→ **EXERCISE PROMPT**
In the copy, keep every line below as it is and leave out the pictures.

---------- SUPPLIED INFORMATION

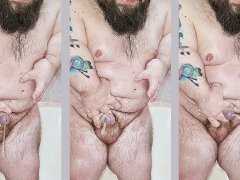 Bearded tattooed midget in bathroom cum three times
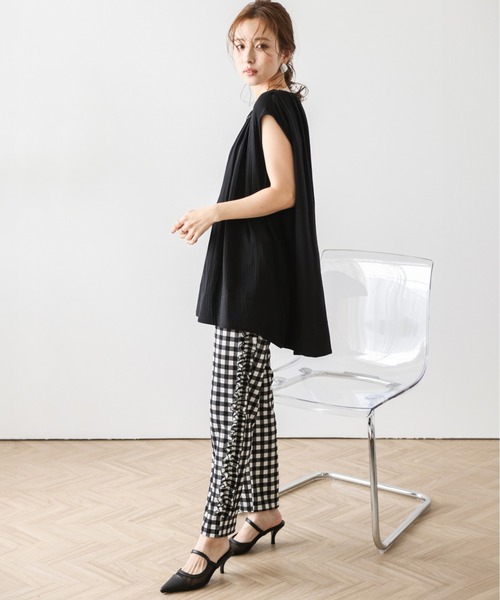 La-gemme（ラジェム）の「Wガーゼフレンチスリーブトップス（Tシャツ/カットソー・レディース・ホワイト/グレイッシュベージュ/ブラック・フリー）」の9枚目の写真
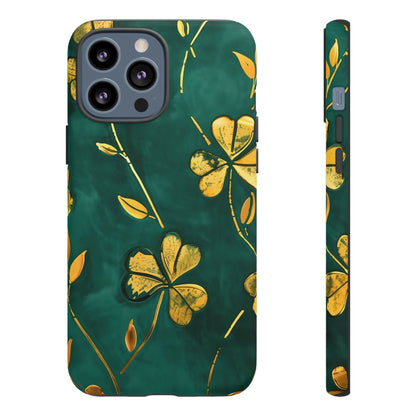 Floral Phone Case with Gold Accents, Tough Phone Cover, Stylish Phone Protector, Unique Gift for Her, Nature Lover Accessory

--------------------

→ **TASK RESULT**
 Bearded tattooed midget in bathroom cum three times
 La-gemme（ラジェム）の「Wガーゼフレンチスリーブトップス（Tシャツ/カットソー・レディース・ホワイト/グレイッシュベージュ/ブラック・フリー）」の9枚目の写真
 Floral Phone Case with Gold Accents, Tough Phone Cover, Stylish Phone Protector, Unique Gift for Her, Nature Lover Accessory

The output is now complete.